Whether or not it deserved an Oscar is something I, having not seen any of the other nominations for best picture, am fairly unqualified to judge, although it was by no means the best new film I've seen over the past year- upping my pretentious arts student quotient a good few notches, The Beat My Heart Skipped wiped the floor with it, for example, and The Consequences of Love was equally, though quite differently, wonderful. The technical deficiency, the failure to fully connect the various intertwined narratives, though, does at times lead it to stray into territory which seems to seek to vindicate racial prejudice. Other than in one case, because of the ahistoricality of the characters, it never becomes clear why they hold the various prejudices they do, and so there is no discrimination amongst possible processes of belief formation. More damning is that the one case in which racism is explained is that of the white racist policeman, who, it turns out, resents affirmative action having put his father out of business. For all the pleasures of teasing at the scabs of liberal guilt, that is surely hardly the one to choose to pick clean off in a film mostly about the effects of racism. The way in which political compromises, in the morally damning sense, are entered into for the sake of black voters and not for any other groups also seems rather suspicious to me, and there is certainly something morally dubious about the implied comparison between the differential effects of Ryan Phillipe's unconscious prejudice and Matt Dillon's open racism.

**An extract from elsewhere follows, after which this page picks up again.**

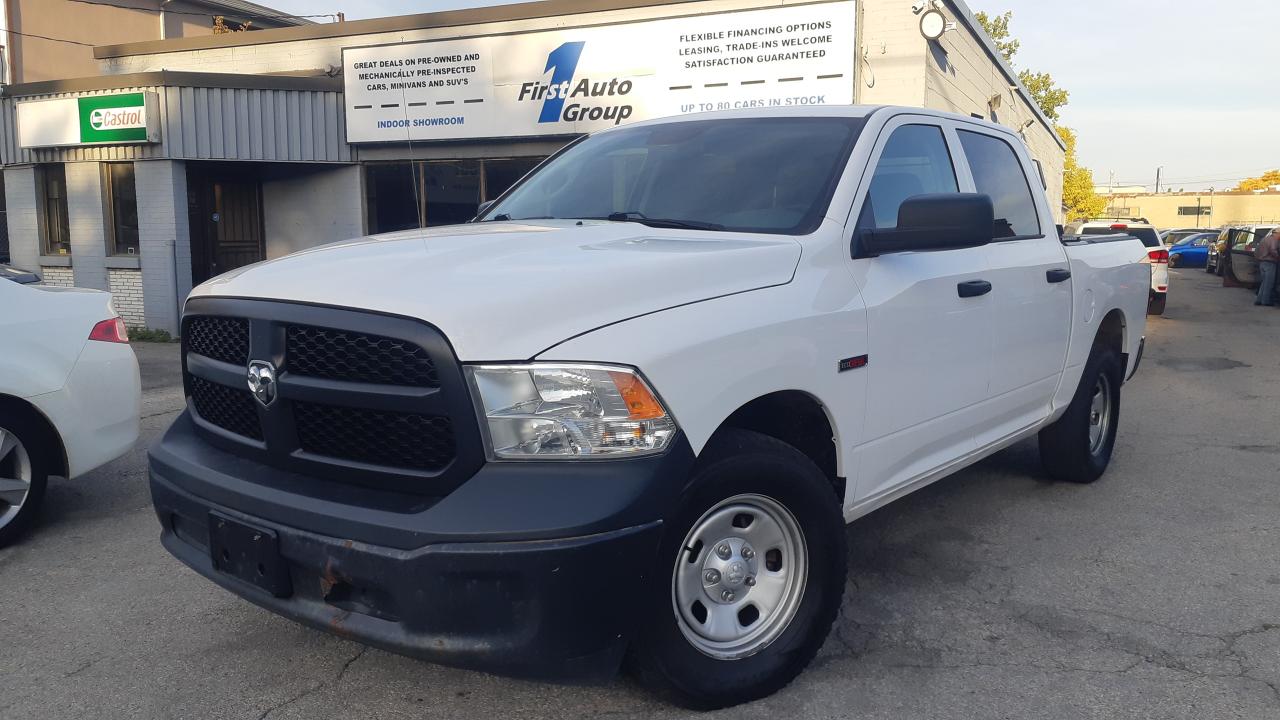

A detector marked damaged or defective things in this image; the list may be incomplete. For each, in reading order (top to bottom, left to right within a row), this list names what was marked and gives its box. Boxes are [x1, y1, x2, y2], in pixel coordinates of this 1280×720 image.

crack in asphalt [253, 645, 366, 717]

Still, the deeper critique of Crash's disembeddedness, though, is its melodrama. Most cases of driving whilst black don't lead to sexual assault, and then later having to be talked down from shooting policemen or having to be hauled from a burning car by precisely the person who abused you. This is where the Southern Italian experience comes in, I think. Racial prejudice isn't generally as openly violent, openly discriminatory, as Crash implies it is: the mutual misunderstandings which leads to Ryan Phillipe shooting a black hitchhiker seem, to me at least, simply implausible, so transparently obvious, that no-one would fall victim to them. That is not to say it is less dangerous. In a way, it is more dangerous, because more difficult to unmask: the little obstacles, the extra increments of trust that have to gained, of suspicion that has to be allayed, can be difficult to recognise because they are not as openly brutal. That understanding of racism is also, in a way a much more comfortable thing for conventional liberals to deal with, because, for all the implication of Ryan Phillipe's killing, racism as depicted in Crash is not something whose temptations they fall victim to. That open exploitation and use of violence is abjured from, unacceptable precisely because of those features. But direct physical or sexual violence are not the marks of racism: an attitude which regards people of less worth simply because of some racial or cultural category they belong in is, roughly, the mark of racism. I'm not sure whether Northern Italian attitudes towards Southerners are racist, but whatever designator is properly applied to them, it strikes me that the difference from it and racism is probably a difference in degree, not in kind.